• [Task material]:
*****
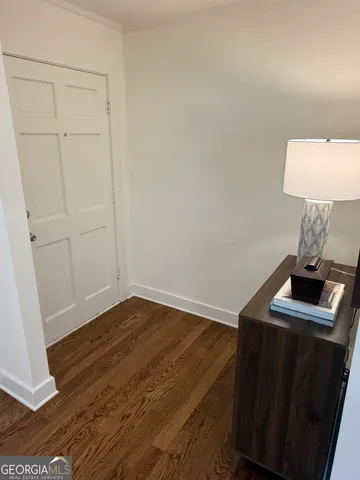 a view of an empty room with wooden floor and kitchen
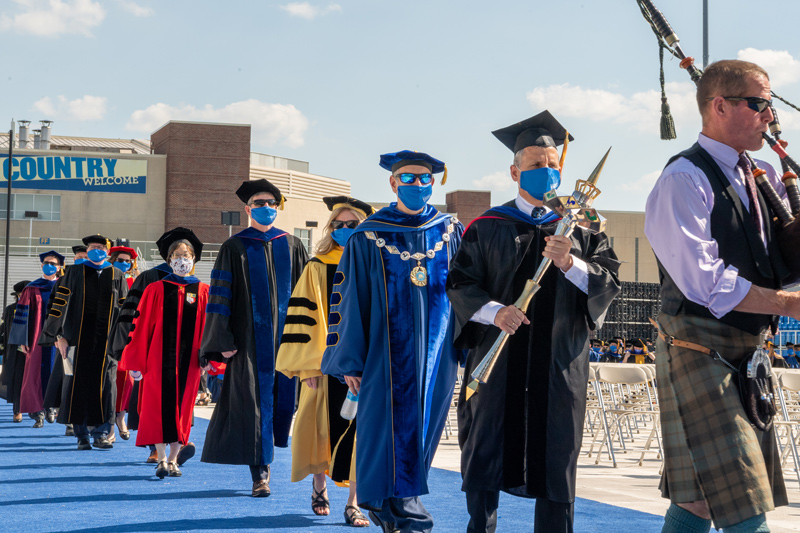 Hooding ceremony for 2020 and 2021 Doctoral Candidates, held on May 27th, 2021 in Delaware Stadium under the direction of UD President Dennis Assanis and Lou Rossi, Dean of the Graduate College and Vice Provost for Graduate and Professional Education.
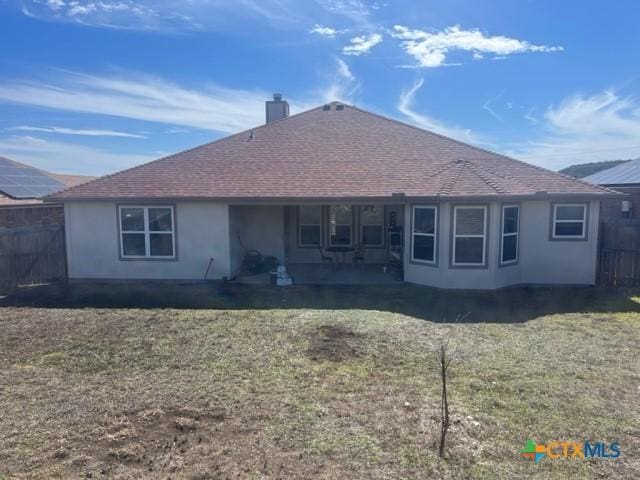 2107 Golden Eagle Dr, Killeen, TX 76549 - rear view of property with a shingled roof, fence, a lawn, stucco siding, and a chimney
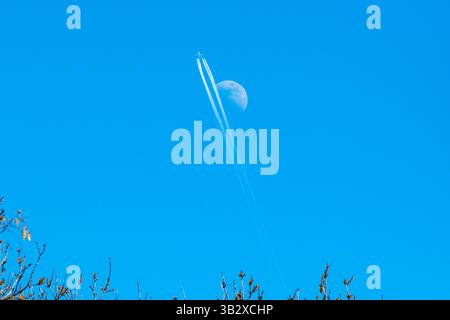 Un aereo in contrail passa il primo quarto di luna (4/5/25) in un cielo blu pomeridiano, Londra, Regno Unito Foto Stock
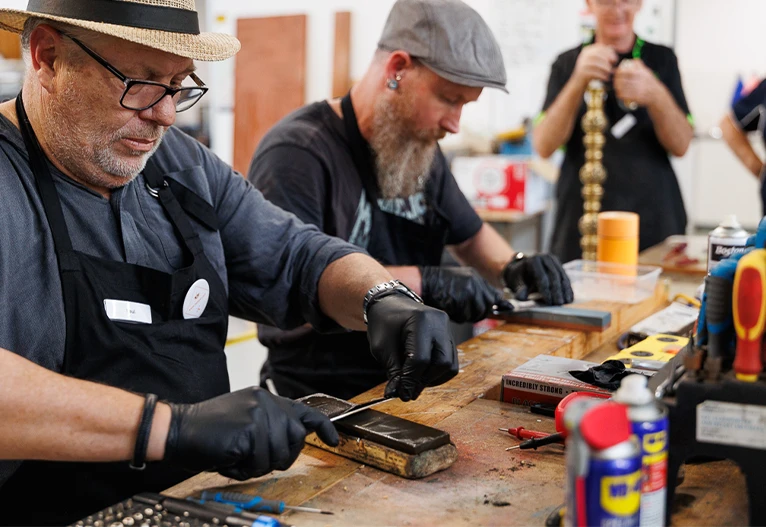 People doing the WD-40 Repair Challenge.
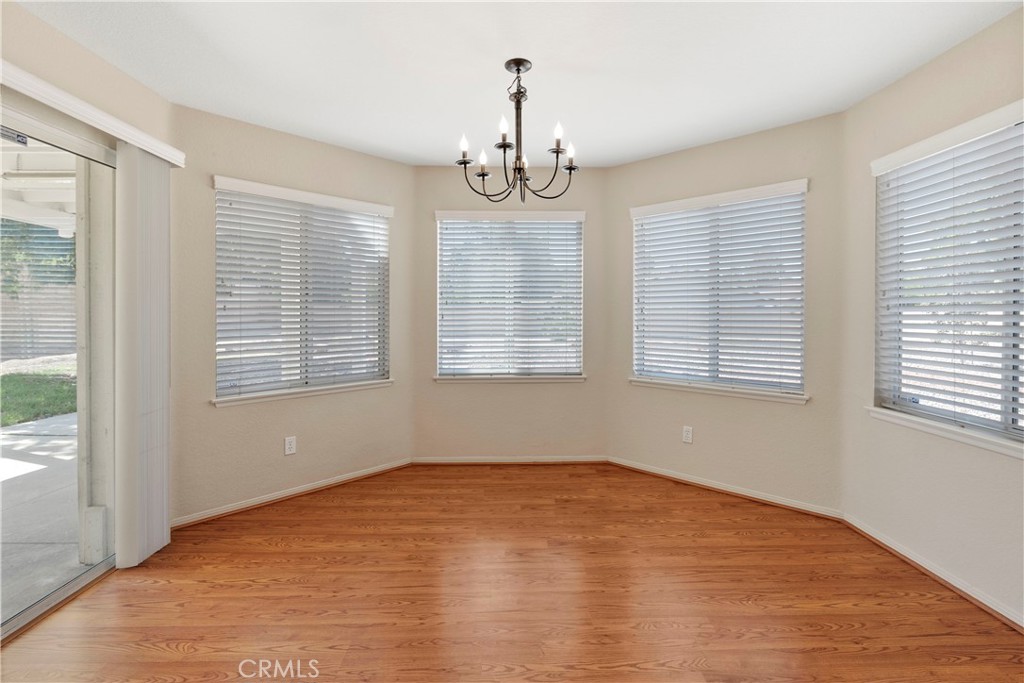 6879 Mission Grove Parkway North Riverside, CA 92506 - Photo 22 of 53 a view of empty room with wooden floor and fan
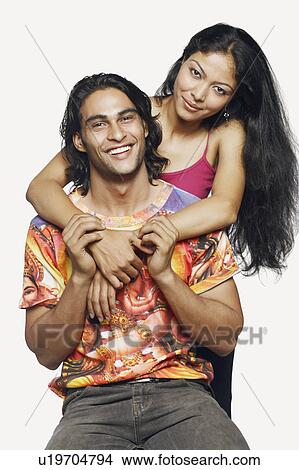 Picture - Portrait of a mid adult woman embracing a young man from behind. Fotosearch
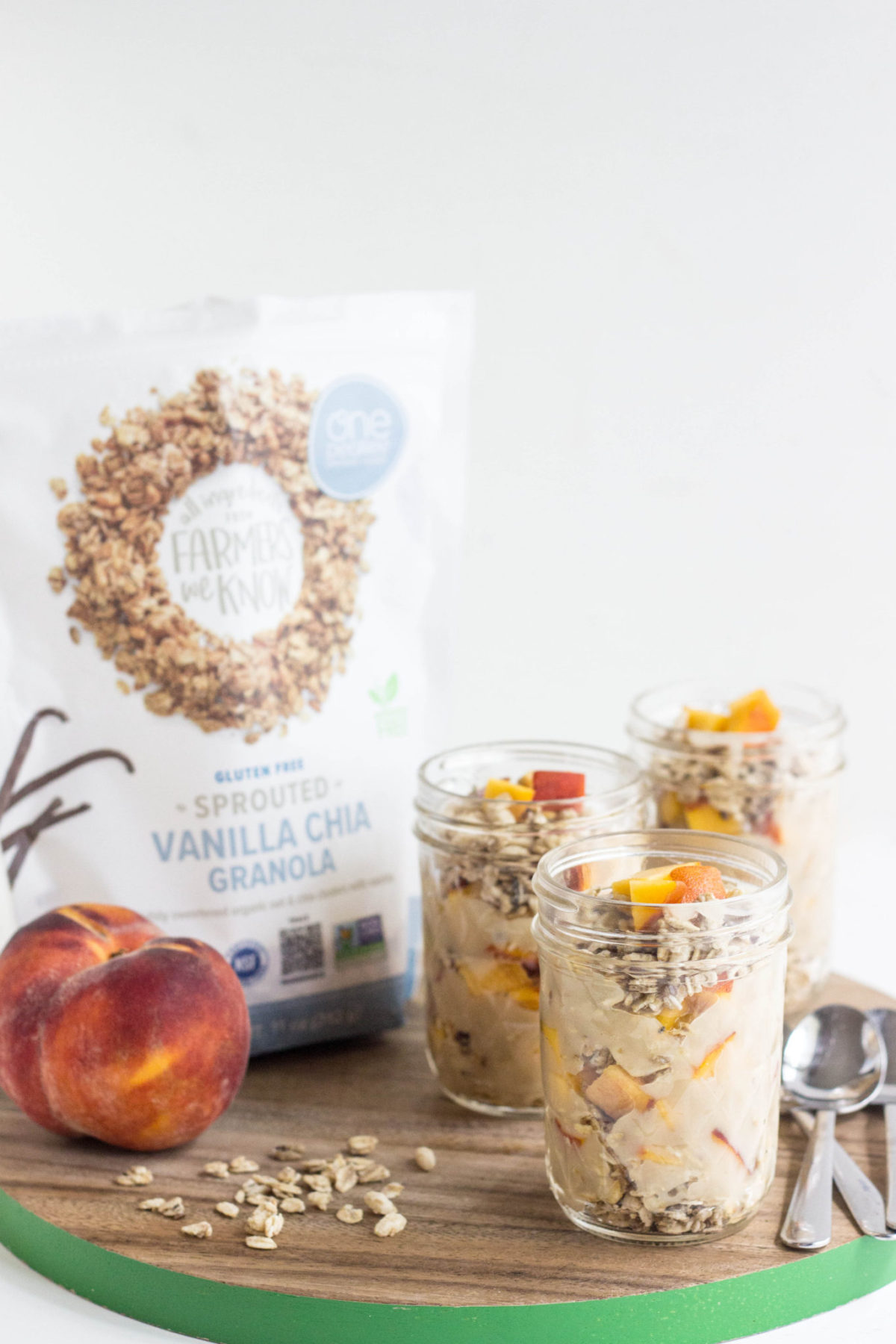 Side view of Healthy Peach Vanilla Parfait with a bag of granola and peach.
*****
• [Exercise prompt]: Quote exactly, and only, the lines from the line containing "Un aereo in" through the final line of the records above, both included, omitting any pictures.

• [Worked solution]:
 Un aereo in contrail passa il primo quarto di luna (4/5/25) in un cielo blu pomeridiano, Londra, Regno Unito Foto Stock
 People doing the WD-40 Repair Challenge.
 6879 Mission Grove Parkway North Riverside, CA 92506 - Photo 22 of 53 a view of empty room with wooden floor and fan
 Picture - Portrait of a mid adult woman embracing a young man from behind. Fotosearch
 Side view of Healthy Peach Vanilla Parfait with a bag of granola and peach.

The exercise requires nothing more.